Open corneliusroemer opened 2 years ago
Nextclade places about a third in BA.4, a third in BA.5 and for another third it's not sure whether it's BA.4 or BA.5
Quality is a bit of an issue in these sequences, lots of reversions, so I guess that's what pangoLEARN struggles with
But given the large share in South Africa that's called BA.2 rather than BA.4/5 it's probably still worth looking into.
Ran the sequences through pangolin. Result is clear: Usher places correctly, but Scorpio overrides falsely.
We need something like Probable Omicron (BA.4/5-like)
to solve this problem I think @aineniamh @AngieHinrichs @chrisruis
Or not let Probable Omicron (BA.2-like)
override from BA.4/5 to BA.2
@corneliusroemer what version of various components are you using, including Usher. Can uou post your commandline as well?

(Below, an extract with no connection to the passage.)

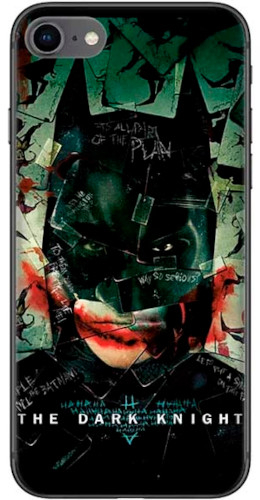 Чехол-накладка Deppa Batman для смартфона Apple iPhone 7/8/SE, пластик, черный (124256)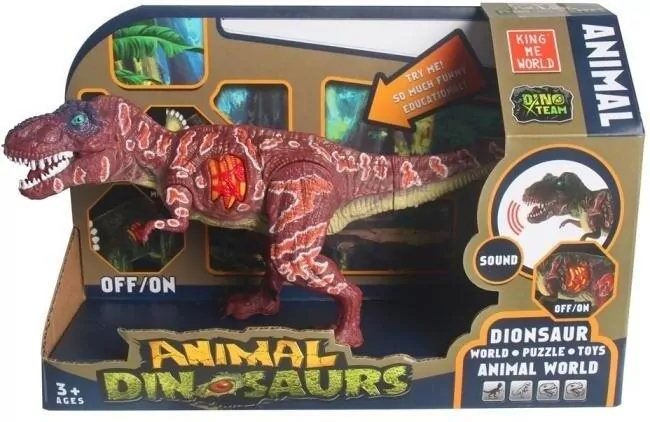 Tyranozaur ze światłem i dżwiękiem - tantis.pl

We've observed this same phenomenon. Here's a near-whole-genome tree (raxml) showing both BA.4 and BA.5 clades with interspersed BA.2 calls. Inspection of the alignment confirms these as correctly placed sequences, but mis-labeled. Branches are colored by call: blue, BA.5; orange, BA.4, light green, BA.2. There are lots of green branches in the blue and orange clades, and even a few BA.3s (yellow).
BA4-and-BA5.lastz.for-phy.raxml.rooted.longnames.2022-05-01.rainbowtree.pdf
@dbtara
❯ pangolin gisaid_hcov-19_2022_05_02_14.fasta -t 10
❯ pangolin --all-versions
pangolin: 4.0.6
pangolin-data: 1.6
constellations: v0.1.9
scorpio: 0.3.17
But I first observed this problem on pango assignments that come from GISAID to covSpectrum. This seems to be a general problem, not restricted to the way I'm using pangolin
.
Same thing happens with pangolin-data: 1.8
It's scorpio
which is at the root of the problem here.
Same thing happens if I use pangoLEARN, most are correctly spotted as BA.4/5 but then Scorpio overrides.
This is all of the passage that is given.